Earlier this year the USAJFKSWCS received four unit-level awards from the United States Army Special Operations Command for high safety standards and recognized four units and 54 individuals with USAJFKSWCS Safety Awards for their contributions to readiness through Safety. Of the unit awards, the most significant went to 1st Special Warfare Training Group (Airborne), which received four USASOC awards.
The success of one of the companies reached the level of recognition by the Department of the Army.
Company F, 1st Battalion, 1st Special Warfare Training Group (Airborne), received The 2012 Director of the Army Safety Composite Risk Management Award on September 9 for significant contributions to Army readiness through the application of composite risk management.
Lt.

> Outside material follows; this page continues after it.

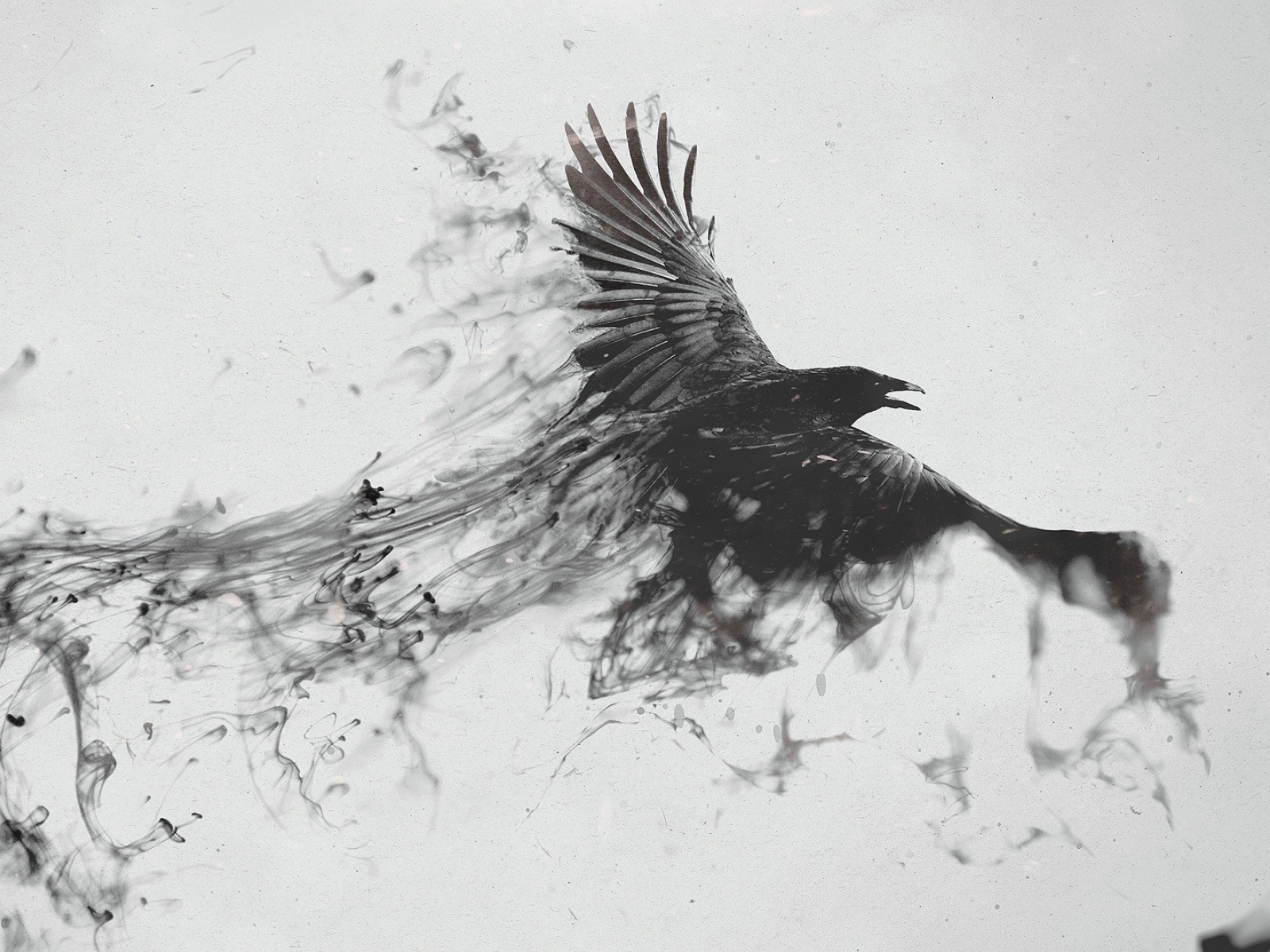 1600x1200 Raven Bird Flying 1600x1200 Resolution Wallpaper, Hd Abstract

Gen. Charles T. Cleveland, the USASOC commander, presented the award to Maj. Brian E. Decker, the commander of Company F.
Throughout his years of service, Lt. Gen. Cleveland learned the importance of keeping safety a routine point of performance in preventing injuries or fatal incidents. While serving as a group commander, the importance of safety was brought home to him when a Soldier sustained a life-altering injury on the range, losing a hand.
“Good units will do the routine things routinely well and safety is a part of the routine that you have to incorporate into the things you routinely do,” said Cleveland. “It’s a direct reflection of the way commanders and leaders at all levels approach the problem.”
Both soldiers and civilians of Company F protected Army resources and reduced risk by identifying and developing innovative techniques to mitigate or control risk during training.
“This is a testament to the cadre’s professionalism and their competence; they’re the ones at the tip of the spear,” said Decker. “We don’t believe that we have to break someone in order to assess them.”
The commitment to soldier safety resulted in more than 5,000 soldiers trained and assessed in some of the Army’s most physically challenging training courses in assessment and selection without serious injury or incident.